(Problem to work on)
Of the lines in the material below, print only those from the one containing "Canon PT-101 A" to the one containing "Fashion Cartoon Owl", ends included, exactly as written and without pictures.

(Supplied records)
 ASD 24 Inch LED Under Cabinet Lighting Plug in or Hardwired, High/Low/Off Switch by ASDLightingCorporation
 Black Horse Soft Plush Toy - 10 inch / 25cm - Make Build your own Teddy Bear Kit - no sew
* * *
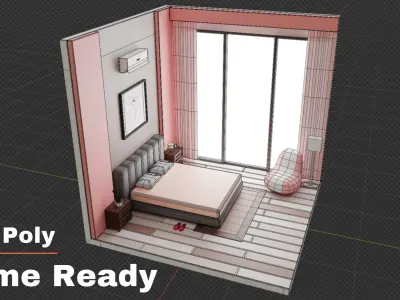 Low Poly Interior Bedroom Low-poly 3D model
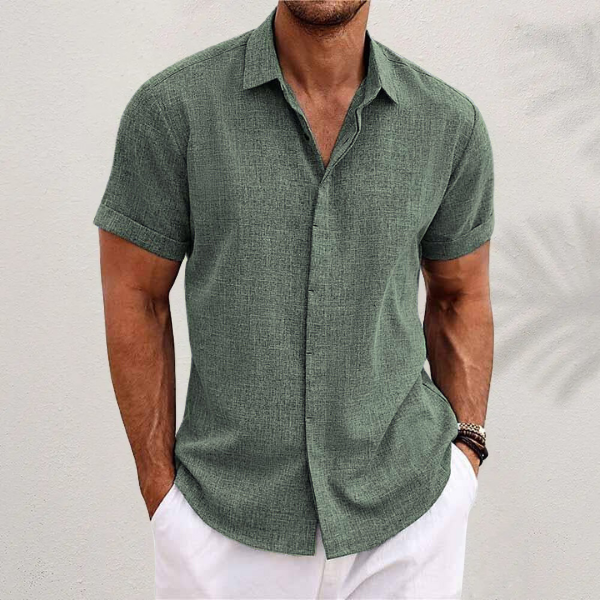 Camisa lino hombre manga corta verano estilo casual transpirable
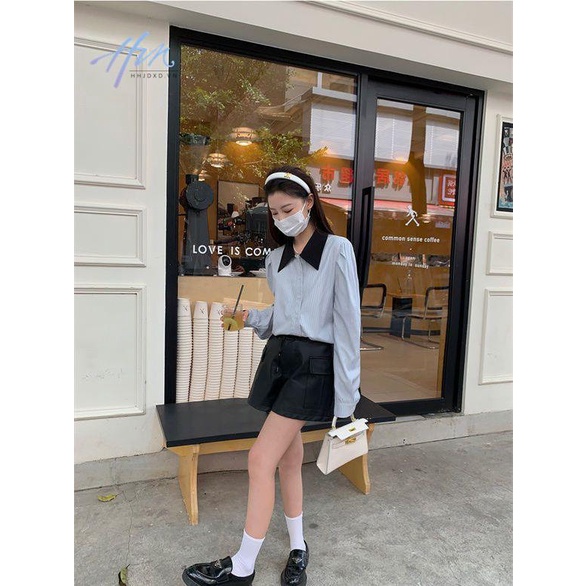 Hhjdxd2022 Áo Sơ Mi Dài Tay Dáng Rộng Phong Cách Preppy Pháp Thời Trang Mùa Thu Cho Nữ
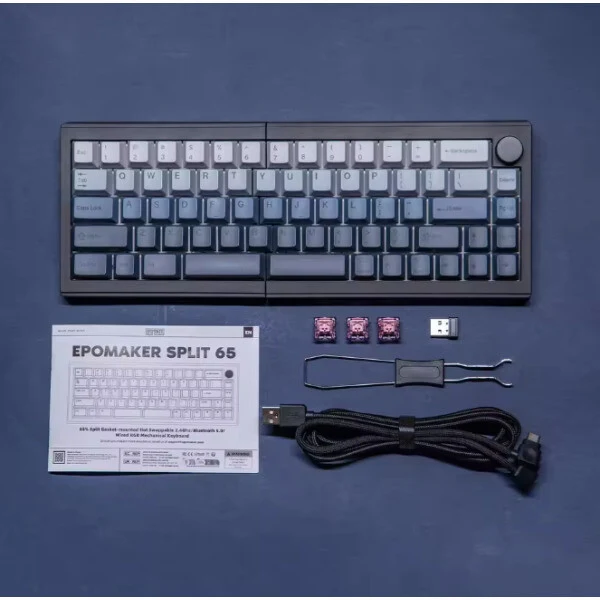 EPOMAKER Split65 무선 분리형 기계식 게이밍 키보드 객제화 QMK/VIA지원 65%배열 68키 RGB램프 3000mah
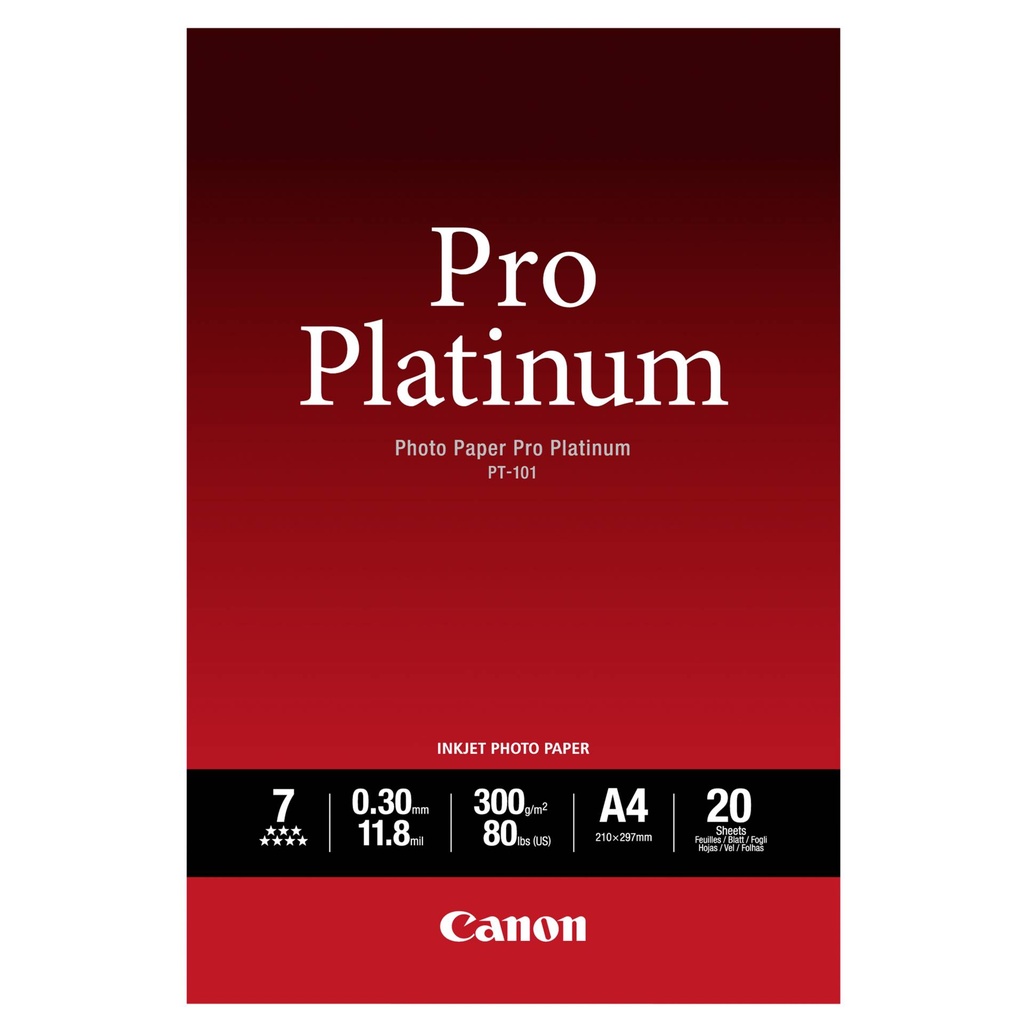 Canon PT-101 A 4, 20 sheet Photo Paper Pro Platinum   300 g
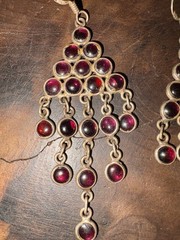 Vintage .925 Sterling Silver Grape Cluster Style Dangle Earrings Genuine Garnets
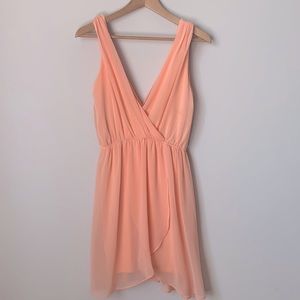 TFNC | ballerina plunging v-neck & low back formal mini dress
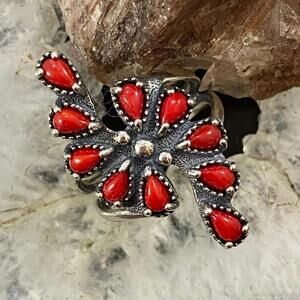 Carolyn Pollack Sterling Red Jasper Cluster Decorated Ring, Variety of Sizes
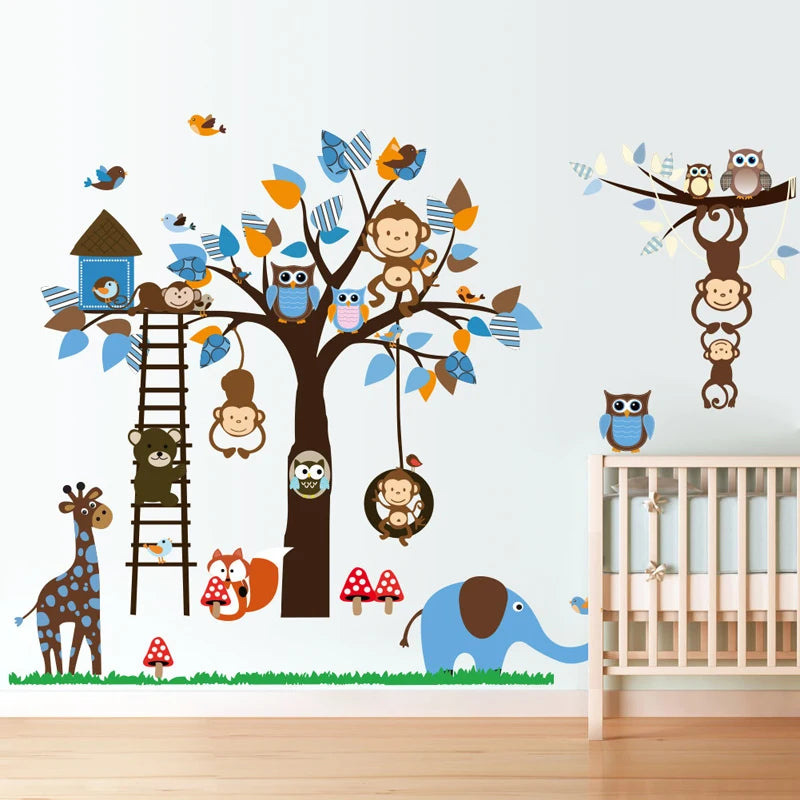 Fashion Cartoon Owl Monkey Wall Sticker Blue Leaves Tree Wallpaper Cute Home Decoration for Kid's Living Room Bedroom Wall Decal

(Reply to the exercise)
 Canon PT-101 A 4, 20 sheet Photo Paper Pro Platinum   300 g
 Vintage .925 Sterling Silver Grape Cluster Style Dangle Earrings Genuine Garnets
 TFNC | ballerina plunging v-neck & low back formal mini dress
 Carolyn Pollack Sterling Red Jasper Cluster Decorated Ring, Variety of Sizes
 Fashion Cartoon Owl Monkey Wall Sticker Blue Leaves Tree Wallpaper Cute Home Decoration for Kid's Living Room Bedroom Wall Decal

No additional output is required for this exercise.